Geometric function theory is a field of mathematics that was developed starting in the 1920s in order to study analytic functions from a geometric point of view, and was later developed to what is known today as analysis of metric spaces. The advantage of a geometric approach, is that first order differential calculus and geometric measure theory can be extended from the classical Euclidean or Riemannian settings to the realm of spaces without a priori smooth structure (such as fractal spaces). Results and techniques in geometric function theory have recently found important applications in geometric group theory, structure of manifolds and analysis on fractals. Furthermore, besides their mathematical importance, physical applications of these theories include reconstruction theory, study of thin films, control theory, graphic imaging and analysis of large data sets.

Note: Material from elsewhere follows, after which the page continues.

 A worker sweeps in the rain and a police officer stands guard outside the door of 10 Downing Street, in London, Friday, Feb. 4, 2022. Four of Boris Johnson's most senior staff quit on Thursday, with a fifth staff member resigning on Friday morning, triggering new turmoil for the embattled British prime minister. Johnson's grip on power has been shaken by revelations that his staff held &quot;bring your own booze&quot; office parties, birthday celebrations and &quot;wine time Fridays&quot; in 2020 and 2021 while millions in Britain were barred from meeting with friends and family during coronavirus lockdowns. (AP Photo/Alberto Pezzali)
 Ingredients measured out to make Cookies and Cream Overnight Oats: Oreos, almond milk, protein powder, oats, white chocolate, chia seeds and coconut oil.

This project features new approaches to three long-standing problems in the realm of geometric function theory that bring together several fields in analysis and geometry including geometric topology, sub-Riemannian geometry, PL geometry and geometric measure theory. The first problem aims at recognizing the intrinsic qualities of a metric space, from which a "nice" parametrization (e.g. quasisymmetric, Holder, bi-Lipschitz) by the Euclidean unit sphere or the Euclidean space can be recovered. The principal investigator proposes to relate forms of discrete curvature with global parametrizations in high dimensions. The second problem asks for conditions for which an embedding of a set into a Euclidean space with some desired properties (e.g. quasisymmetric, bi-Lipschitz) can be extended to the whole Euclidean space with the same properties. Finally, the third problem concerns the bi-Lipschitz embedability of big sets of a sub-Riemannian manifolds (such as the Heisenberg group) into some Euclidean space. Results in this direction will shed new light on the structure of the space and will improve our understanding of its geometry.
This award reflects NSF's statutory mission and has been deemed worthy of support through evaluation using the Foundation's intellectual merit and broader impacts review criteria.